Virtually buried under the avalanche of stories on the post-Trump-Putin summit fallout is this gem by journalist Somini Sengupta in today’s New York Times – Summers are becoming so hot in South Asia that people are already dying in big numbers, and soon cities may be too hot to remain livable for hundreds of millions of inhabitants.  The story notes that “the science is unequivocally worrying.  Across the region, a recent World Bank report concluded, rising temperatures could diminish the living standards of 800 million people.”  And not merely living standards, but life itself.

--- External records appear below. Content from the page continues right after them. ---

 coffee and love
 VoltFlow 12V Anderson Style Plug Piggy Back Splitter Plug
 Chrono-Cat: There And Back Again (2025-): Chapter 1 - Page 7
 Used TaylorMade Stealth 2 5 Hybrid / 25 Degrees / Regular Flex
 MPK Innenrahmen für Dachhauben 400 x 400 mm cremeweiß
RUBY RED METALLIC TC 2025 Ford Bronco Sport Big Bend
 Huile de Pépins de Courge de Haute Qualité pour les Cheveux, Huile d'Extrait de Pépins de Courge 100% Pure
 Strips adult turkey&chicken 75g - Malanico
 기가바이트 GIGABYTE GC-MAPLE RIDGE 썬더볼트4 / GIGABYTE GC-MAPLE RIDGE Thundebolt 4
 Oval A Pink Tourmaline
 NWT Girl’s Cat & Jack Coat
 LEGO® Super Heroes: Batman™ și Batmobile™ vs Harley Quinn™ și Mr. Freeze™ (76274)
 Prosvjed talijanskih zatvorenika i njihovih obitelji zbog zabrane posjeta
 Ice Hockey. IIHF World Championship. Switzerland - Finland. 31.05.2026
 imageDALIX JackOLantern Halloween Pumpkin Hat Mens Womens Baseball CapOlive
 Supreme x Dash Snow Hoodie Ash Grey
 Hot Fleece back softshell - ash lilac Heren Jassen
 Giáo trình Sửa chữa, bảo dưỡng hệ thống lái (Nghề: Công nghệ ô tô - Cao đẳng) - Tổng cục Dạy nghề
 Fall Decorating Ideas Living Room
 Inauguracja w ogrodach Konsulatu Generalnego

With President Trump’s summit flub, his myriad foes smell blood in the water, so it’s unlikely that the “Russia-Russia-Russia-Putin-Putin-Putin” clamor will subside any time soon.  The shoot-from-the-lip U.S. president has somehow managed to survive a steady stream of racist-misogynistic-xenophobic-Islamophobic-autocratic invective dating back to his campaign; perhaps this at last – the “treasonous” sucking up to Russia’s election-tampering leader – will, opponents pray, mark the start of his much-deserved downfall.

Maybe so, maybe not.  But Trump or no Trump, the existential threat of rapid global warming, and, more broadly, massive climate destabilization, is all too real, all too urgent, and won’t go away because mainstream media choose to ignore it.  An important question we should all be asking is, why do they?  The house is burning down, as it were, and our self-appointed “watchdogs of democracy” choose to focus on flaws in the living room wallpaper.